Na série, Pedro Bial e Camila conduzem o telespectador ao longo da meticulosa investigação que gerou as denúncias —e seguem além, aprofundando-se na história de vida do João de Deus, nas denúncias no Brasil e no exterior, nas histórias de suas vítimas, na sobrevivência de Abadiânia em torno do sucesso do médium. O primeiro episódio começa com mulheres explicando o sentimento de estar na cidade e o que todas elas foram lá buscar: cura. "Sentimento de amor", "um lugar para pessoas que procuravam por milagres", "era como falar com Deus".
Entrevista não é conversa
Bial conta que vinha tentando há tempos entrevistar o médium, sem sucesso, até que finalmente recebeu uma resposta positiva, com a condição de que fosse até Abadiânia conhecer a casa em que ele atuava. Topou. Começou, então, a pesquisar sobre João de Deus e o trabalho que ele realizava lá. Na véspera da viagem, desistiu. "Ele dizia que não pedia nada em troca, apenas fé. Eu não tenho fé naquilo, não teria para dar."
O jornalista diz que sempre foi muito cético e que achava as histórias sobre João de Deus "estranhas", embora tivesse ouvidos depoimentos ótimos de pessoas próximas. A entrevista acabou nunca acontecendo, mas o apresentador segue tentando.
O médium foi transferido para prisão domiciliar recentemente, e Bial fez contato com ele via chamada de vídeo. "Ele me falou, olhando para mim, que ia falar e que eu seria o primeiro. Se comprometeu comigo."
Quão diferente será a entrevista pós-denúncias daquela que originalmente Bial estava planejando fazer?

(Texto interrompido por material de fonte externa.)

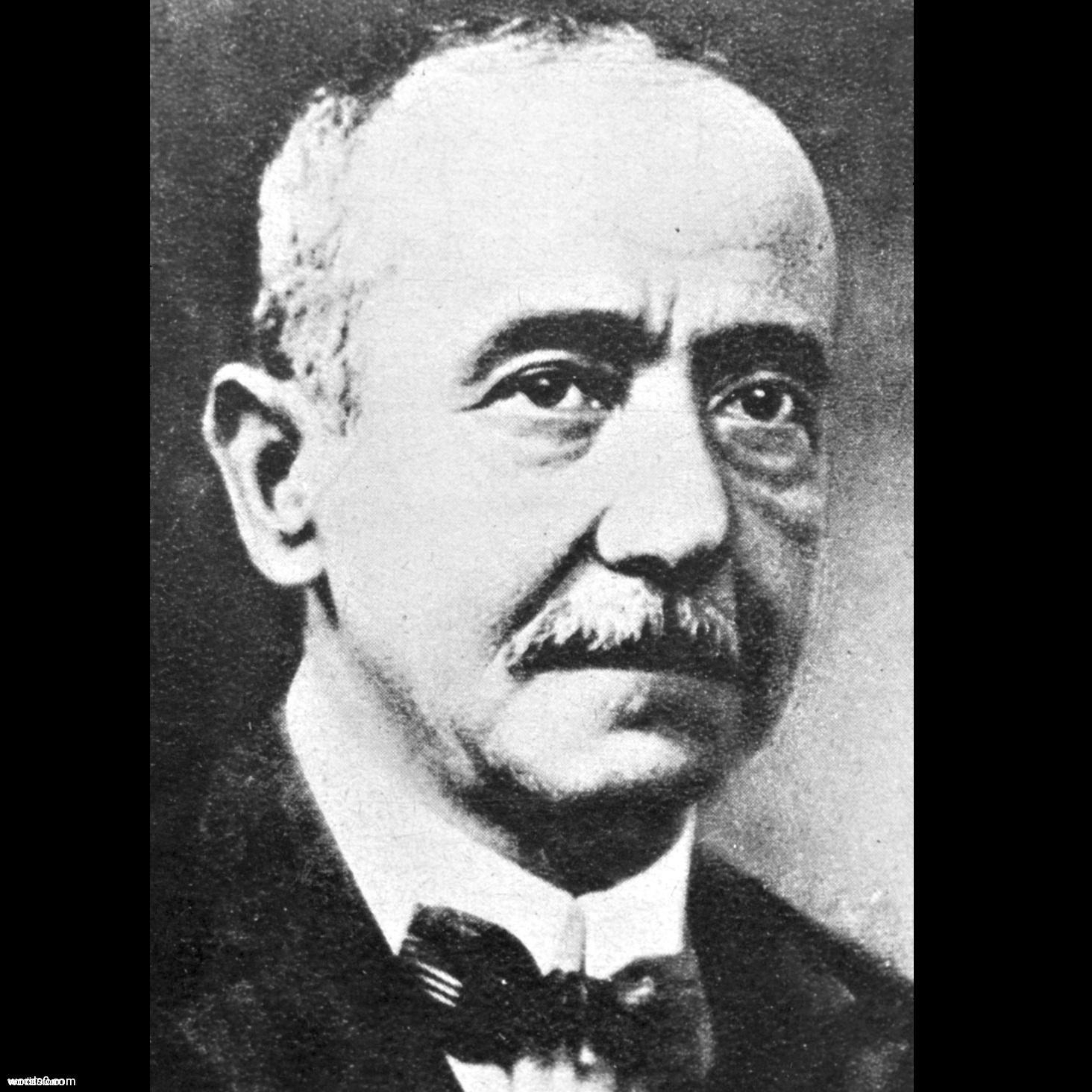 كلمات قصيدة طويَ البساطُ وجفت الأقداحُ | أحمد شوقي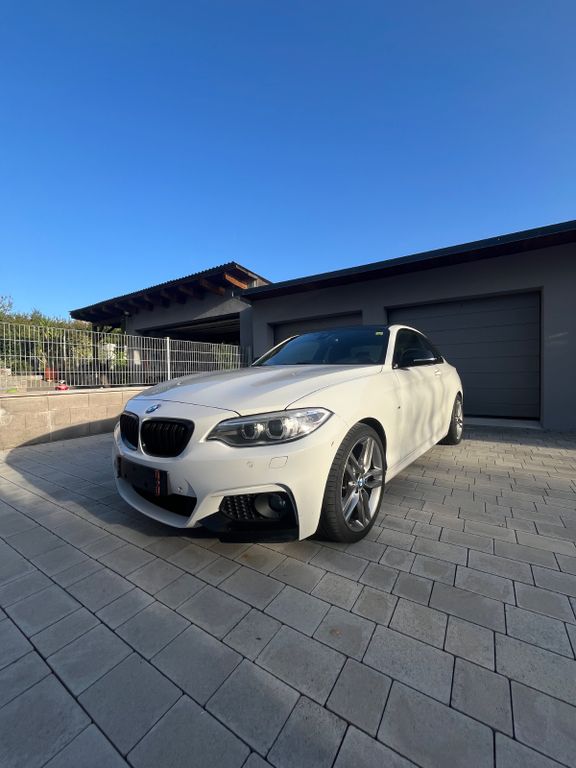 Image of BMW 228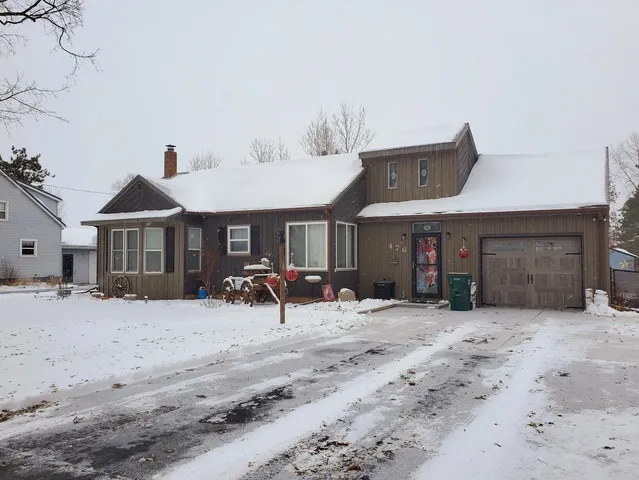 $264,900 | 476 North Bridge Street, Manawa, WI 54949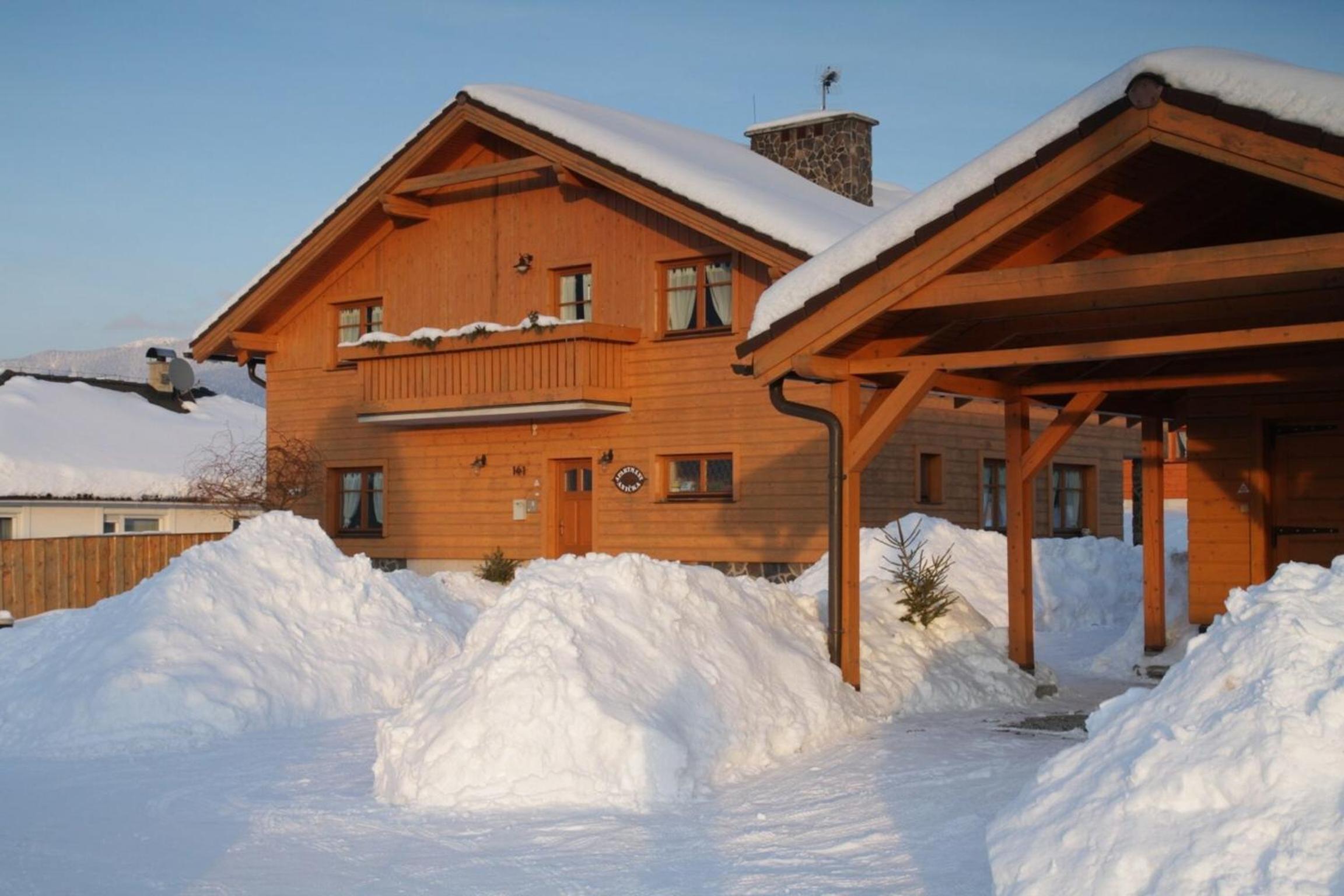 Apartment with Mountain View - Photo 12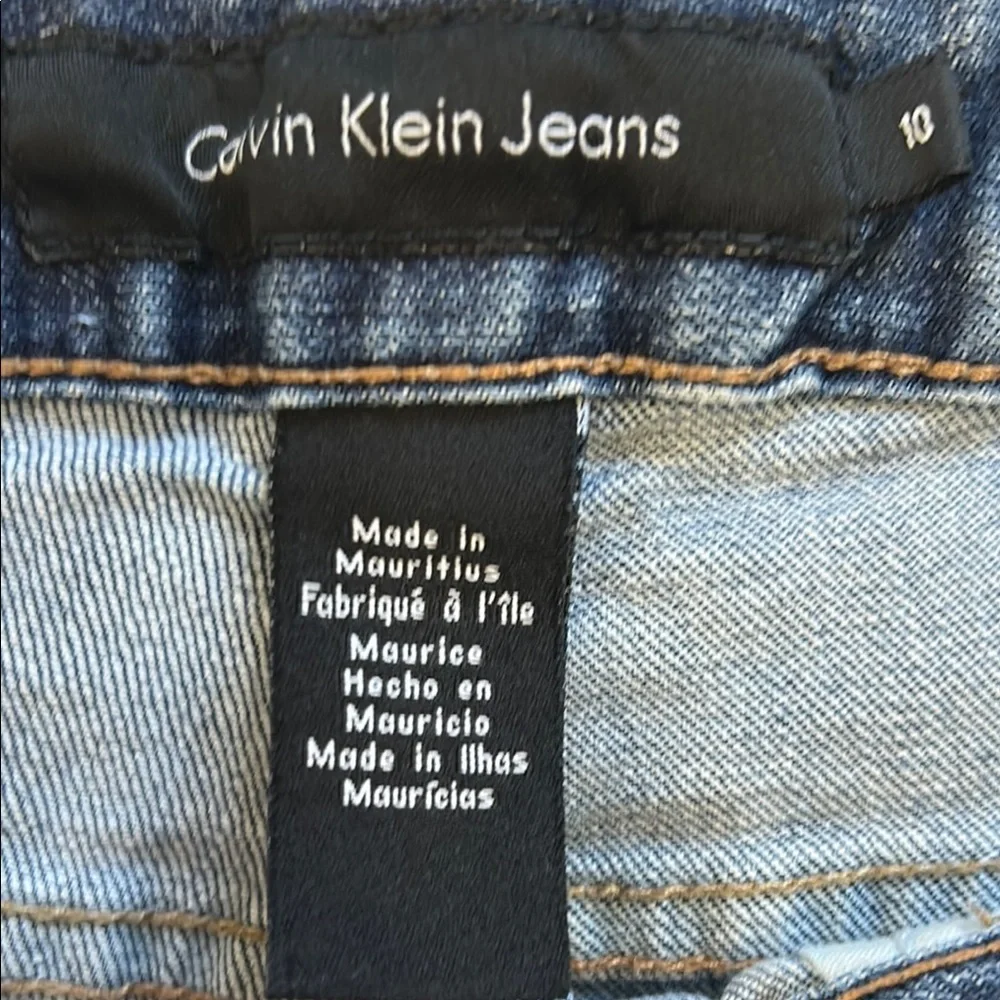 Calvin Klein Distressed Denim Shorts Women’s 10
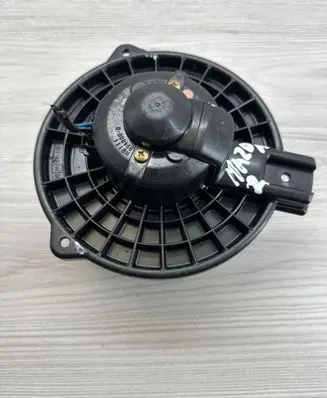 Mazda 2 Heater fan/blower 8940000 GJ8AA024J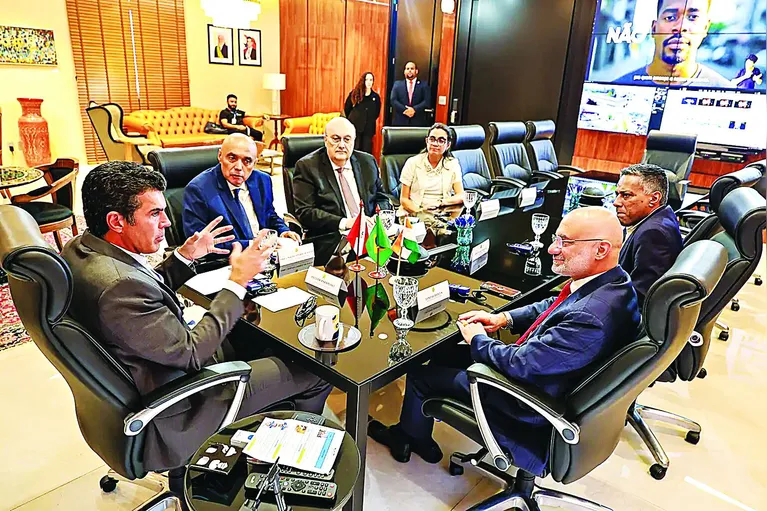 Helder em reunião com o representante indiano Dinesh Bhatia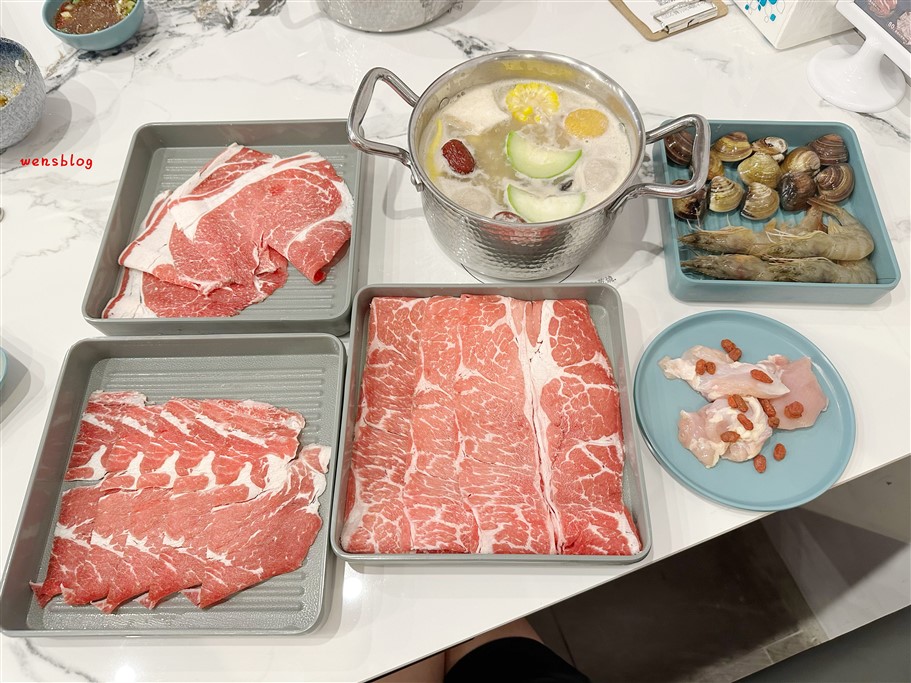 桃園。金大鋤mini鍋物吃到飽藝文店，主打火鍋吃到飽與套餐式雙模式，全時段不分平假日，吃到飽只要$548元 @雯雯的玩樂地圖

O meu desafio no programa é fazer uma conversa que não seja uma entrevista, que não tenha uma imposição temática e de assuntos. Uma conversa é mais desinteressada. Mas, no caso do João, caso aconteça, será mais para entrevista do que para conversa. Hoje tenho muitas perguntas para fazer que não tinha antes. Realmente não se compara.
Medo de mostrar o rosto
Depois que Bial desistiu de ir a Abadiânia, Camila passou a buscar mais informações sobre o médium e, a partir de uma amiga que já havia trabalhado na Casa Dom Inácio, teve o primeiro contato com histórias de abuso sexual —que mais tarde se confirmariam. A maior dificuldade era conseguir encontrar alguém disposto a aparecer no programa contando o que viveu.
João de Deus sempre foi um homem poderoso e temido. O programa mostra como ele usou disso e da religião para cometer crimes e permanecer com a imagem intacta. A maior parte das vítimas, a princípio, topou falar apenas sob a condição de anonimato. Até que Camila chegou à holandesa Zahira Mous, que acabou se tornando a primeira a denunciar publicamente João de Deus.
"Elas tinham medo de violência, medo das famílias delas, de represália. Existem consequências positivas de falar sobre isso, mas existem consequências muito negativas. No Brasil há uma cultura de descredibilizar as vítimas. E, além disso, aqui a gente tem uma impunidade gigantesca", afirma Camila, que até hoje recebe mensagens de mulheres ligadas ao caso.
A jornalista conta que o trabalho de apuração mexeu com ela.
Em 2018, eu fiquei tomada por isso, 24 horas por dia. Foi muito difícil. Precisei de apoio. Ouvi muitas histórias horrorosas, fiquei abalada, chocada. É uma ferida enorme e, quando a gente convida essas mulheres a compartilhar essa experiência, é também um convite para reviver essa dor.
O episódio de estreia da série termina com um encontro entre algumas mulheres que foram vítimas do médium. Elas se abraçam, se acolhem e trocam experiência. Surpreendem-se com as histórias da filha de João de Deus, que diz ter sido abusada pelo pai desde os 10 anos. Elogiam a coragem umas das outras, em um clima de emoção e dor. E onde menos esperam, a muitos quilômetros de Abadiânia, finalmente encontram o que tanto buscaram. Talvez ainda não seja a cura, mas, entre elas, com certeza existe aquele sentimento de amor.
"O encontro foi uma tentativa de mostrar que compartilhar a dor pode ser bonito e que algo pode surgir disso. No fim da série, eu vi essa dor ser transformada", encerra Camila.